Episode two goes into a scenario in which I believe everyone could agree on: people are so damn caught up with the act of filming dangerous situations, that they completely forget about helping those in trouble. We’ve seen it on countless occasions, where people would send amateur footage to news stations for cash, despite the fact that they did so at the expense of someone’s life. This is certainly a real-world problem, to which Black Mirror perfectly satirizes. However, its idea of subjecting convicted criminals into situations similar to the one that put them in jail in the first place is quite horrid. Speaking for myself, as a Transhumanist, I’d much rather continue funding in rehabilitation programs for convicted criminals, rather than adhere to an “eye-for-an-eye” justice system.
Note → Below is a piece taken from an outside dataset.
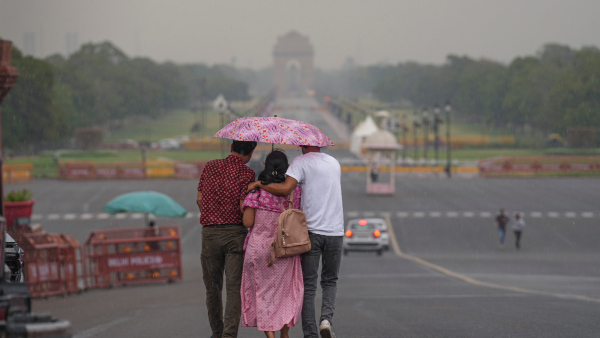 Karnataka Rains Heavy rainfall forecast in these districts in few moments on june 27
And then, with episode three, the scenario of where a fictional cartoon character could humor his way into the hearts and minds of the disenfranchised and oppressed isn’t that hard to believe. In fact, it happens all the time in the real world. Comedians have very large followings, a lot of which uses their profession to address serious issues with political jokes. That isn’t the risk that Black Mirror tries conveying, but rather the corporate control over somebody’s idea. Despite Jamie creating Waldo, the producer has contracted entitlement to the character, giving him the ability to use Waldo however he so wishes. This is certainly a huge problem here in the real world, of which several Transhumanists have made it their cause to fight against patent-trolling corporations.

Black Mirror is an amazing TV series. Thankfully both season one and two are available on Netflix for you to watch and enjoy. I’m always left pondering the issues they convey, trying to compare and contrast them to our own real-world scenarios of our relationship with that of modern technology. And yet, despite it’s cynical outlook on technology, I can’t help but enjoy the show.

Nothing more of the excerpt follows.